We have recently published our 2012 Public Mergers & Acquisitions Report which is now available for distribution. The Report examines the 83 public takeovers and schemes involving ASX listed companies announced in the 2012 financial year.

The Report points to FY2012 being a period of relative stability in Australia’s M&A market despite global turbulence, with a notable decline in deal volume being offset by strong deal value.
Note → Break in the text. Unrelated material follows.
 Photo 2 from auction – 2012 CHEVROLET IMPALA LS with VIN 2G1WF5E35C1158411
While success rates improved to a four year high of 81%, the developing lack of competitive auctions is a potential concern for target shareholders.

The Public M&A Report was the first study undertaken by an Australian-based law firm to examine the trends and structure of Australian public M&A. Now drawing on five years of statistics and analysis, the Report gives readers a real insight into how market conditions have evolved during the past five years and the future outlook for local M&A.
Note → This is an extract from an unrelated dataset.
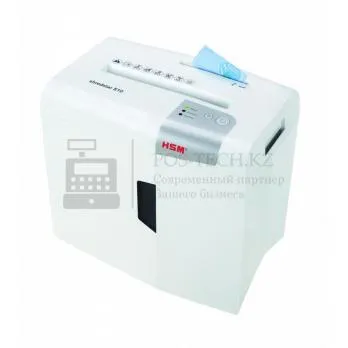 уничтожитель бумаг (шредер) hsm shredstar s10 (6,0) white в казахстане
The Report’s key findings included the following:

  • The value of deals announced in FY2012 was A$63 billion, which was a decrease of A$16 billion in funds committed by bidders during FY2011.
  • Deals were announced in ‘bursts’, reflecting the extremely volatile nature of Australian and global markets in recent times, but also suggesting that bidders are looking to announce transactions during specific ‘windows of opportunity’, when market conditions offer bidding companies better prospects.
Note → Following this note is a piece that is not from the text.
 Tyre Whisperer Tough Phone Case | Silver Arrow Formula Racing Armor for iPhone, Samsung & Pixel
  • Chinese bidders are becoming far more adept at successfully executing Australian public M&A, with success rates for Chinese bidders reaching 83% in FY2012 (as opposed to 57% last year).
  • A number of relatively high-profile transactions were the subject of significant delays (and in some cases brought to an unhappy end) due to lengthy deliberations by offshore regulatory bodies in relation to necessary conditions.
  • M&A activity in the energy and resources sectors continues to be a strong component of overall Australian activity – but there are now heartening signs for the broader economy that Australia is no longer as dependent on energy and resources as it was during the GFC.
  • Ongoing consolidation in the coal sector has accounted for 10% of the number of total deals in FY2012 and a total of A$20 billion (or one third) of overall deal value.
  • Cash consideration continues to be prevalent – in those cash deals, 49% were either partly or fully funded by debt, an encouraging finding given the levels of global uncertainty regarding perceived availability of debt.
  • Private equity activity in public M&A stepped up for the fourth year running, with a dramatic increase in certain sectors including industrials, utilities and materials, a trend that is expected to continue.